Un paradoxal chaos coloré

Les bruits de fond assourdissants, superposés au rythme déconcertant adopté par les danseurs, entrainent chez le spectateur une réelle angoisse physiologique. Le clair et obscur imposé par Maguy Marin permet de séquencer et d’organiser la pièce. Les jeux d’ombres mettent en avant les profils des personnages de la vie quotidienne ; des personnages célèbres sont symboliquement représentés, des tableaux célèbres comme « Guernica » de Pablo Picasso défilent sous nos yeux, des symboles oubliés à cause de la « perte d’expérience » soulignée par Walter Benjamin, car le XXème siècle a été le théâtre de catastrophes collectives répétées.
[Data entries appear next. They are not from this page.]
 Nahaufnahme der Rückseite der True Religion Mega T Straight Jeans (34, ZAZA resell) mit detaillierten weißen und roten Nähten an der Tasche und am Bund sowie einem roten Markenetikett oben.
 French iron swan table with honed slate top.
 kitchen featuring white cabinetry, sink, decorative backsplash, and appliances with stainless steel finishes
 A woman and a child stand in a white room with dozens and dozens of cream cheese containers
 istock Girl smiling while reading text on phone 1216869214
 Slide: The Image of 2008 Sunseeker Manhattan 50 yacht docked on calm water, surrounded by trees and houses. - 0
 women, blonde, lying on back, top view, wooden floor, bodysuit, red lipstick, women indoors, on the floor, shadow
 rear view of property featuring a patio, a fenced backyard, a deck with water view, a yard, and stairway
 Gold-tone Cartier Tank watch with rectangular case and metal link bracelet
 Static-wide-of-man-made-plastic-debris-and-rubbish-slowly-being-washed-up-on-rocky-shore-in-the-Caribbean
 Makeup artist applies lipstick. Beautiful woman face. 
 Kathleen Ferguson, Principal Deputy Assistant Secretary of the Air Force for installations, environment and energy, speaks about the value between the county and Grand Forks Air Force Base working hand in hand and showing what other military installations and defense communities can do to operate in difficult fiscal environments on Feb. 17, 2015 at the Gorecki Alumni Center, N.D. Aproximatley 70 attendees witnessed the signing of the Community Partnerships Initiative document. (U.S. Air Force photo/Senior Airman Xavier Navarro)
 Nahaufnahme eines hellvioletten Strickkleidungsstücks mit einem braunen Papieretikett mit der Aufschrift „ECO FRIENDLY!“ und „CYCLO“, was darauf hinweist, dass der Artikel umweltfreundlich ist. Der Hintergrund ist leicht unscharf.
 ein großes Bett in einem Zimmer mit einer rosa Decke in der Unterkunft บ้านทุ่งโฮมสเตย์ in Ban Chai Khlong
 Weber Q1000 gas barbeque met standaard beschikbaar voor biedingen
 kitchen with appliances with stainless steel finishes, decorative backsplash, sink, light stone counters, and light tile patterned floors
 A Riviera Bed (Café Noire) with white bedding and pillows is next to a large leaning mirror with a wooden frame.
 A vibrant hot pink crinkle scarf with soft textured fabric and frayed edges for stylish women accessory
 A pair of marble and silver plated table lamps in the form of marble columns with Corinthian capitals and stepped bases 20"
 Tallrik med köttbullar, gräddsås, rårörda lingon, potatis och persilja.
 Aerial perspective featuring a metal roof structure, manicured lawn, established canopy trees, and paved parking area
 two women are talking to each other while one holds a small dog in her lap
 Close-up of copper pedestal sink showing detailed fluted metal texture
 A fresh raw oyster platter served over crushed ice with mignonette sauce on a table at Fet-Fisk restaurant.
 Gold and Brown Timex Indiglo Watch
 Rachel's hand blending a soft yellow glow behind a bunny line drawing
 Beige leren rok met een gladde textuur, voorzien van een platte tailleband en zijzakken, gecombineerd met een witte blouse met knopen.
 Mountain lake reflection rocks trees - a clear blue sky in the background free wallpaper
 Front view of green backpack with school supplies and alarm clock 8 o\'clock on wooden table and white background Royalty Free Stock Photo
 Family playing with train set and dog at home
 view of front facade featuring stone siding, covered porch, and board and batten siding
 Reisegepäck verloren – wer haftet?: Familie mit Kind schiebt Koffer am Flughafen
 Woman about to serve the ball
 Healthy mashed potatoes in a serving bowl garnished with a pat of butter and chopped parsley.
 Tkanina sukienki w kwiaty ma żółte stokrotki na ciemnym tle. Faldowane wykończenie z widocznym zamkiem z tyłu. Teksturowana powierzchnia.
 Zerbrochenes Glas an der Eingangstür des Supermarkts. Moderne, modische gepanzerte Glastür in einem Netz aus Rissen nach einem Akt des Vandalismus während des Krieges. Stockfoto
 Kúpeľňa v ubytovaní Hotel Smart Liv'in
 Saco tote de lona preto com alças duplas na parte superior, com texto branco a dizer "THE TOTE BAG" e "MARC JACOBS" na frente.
La mémoire est ensevelie avec les êtres, la statue de la liberté devient une ruine brisée par le temps. Les danseurs apparaissent puis s’évanouissent dans l’obscurité, ils tournoient en traversant à toute vitesse la pièce, créant une « force diagonale », un lien «  dans le continuum du temps entre passé et futur  » d’après Hannah Arendt ; ils s’échangent des matériaux comme une tornade traversant la pièce, ils sont tels des atomes s’entrechoquant pour faire naître un monde. Maguy Marin a réussi à nous projeter dans un univers imagé.

Tout à coup, une danseuse tombe dans les bras d’un danseur, puis d’un autre ; ils sont soudés, s’entraident dans leur chute en se faisant véritablement confiance. Ils tombent ou ils tirent ; aspirés dans un trou ou presque élevés dans les airs ; des forces antagonistes se répètent comme le mouvement des atomes dans l’univers ou les rapports entre les hommes. La fin se termine en apogée anarchique, un feu d’artifice de peinture vivante, une explosion de sentiments avec la colère et la peur. Mains sur la bouche ou devant les yeux, ils ont levé le voile et brisé la tyrannie. Ils sont comme ces indignés siégeant dans les grandes villes du monde, le désespoir les fait sortir de leur quotidien. Ils sont devenus sourds à l’Autorité les ayant esseulés. C’est un banquet final qui se termine en chaos coloré, paradoxal à l’ensemble de cette pièce en « noir et blanc ». Le message ironique clamé haut et fort est le suivant: «  quand on est dans la merde jusqu’au cou, il ne nous reste plus qu’à en rire  » mais aussi, d’une certaine manière, à nous unir.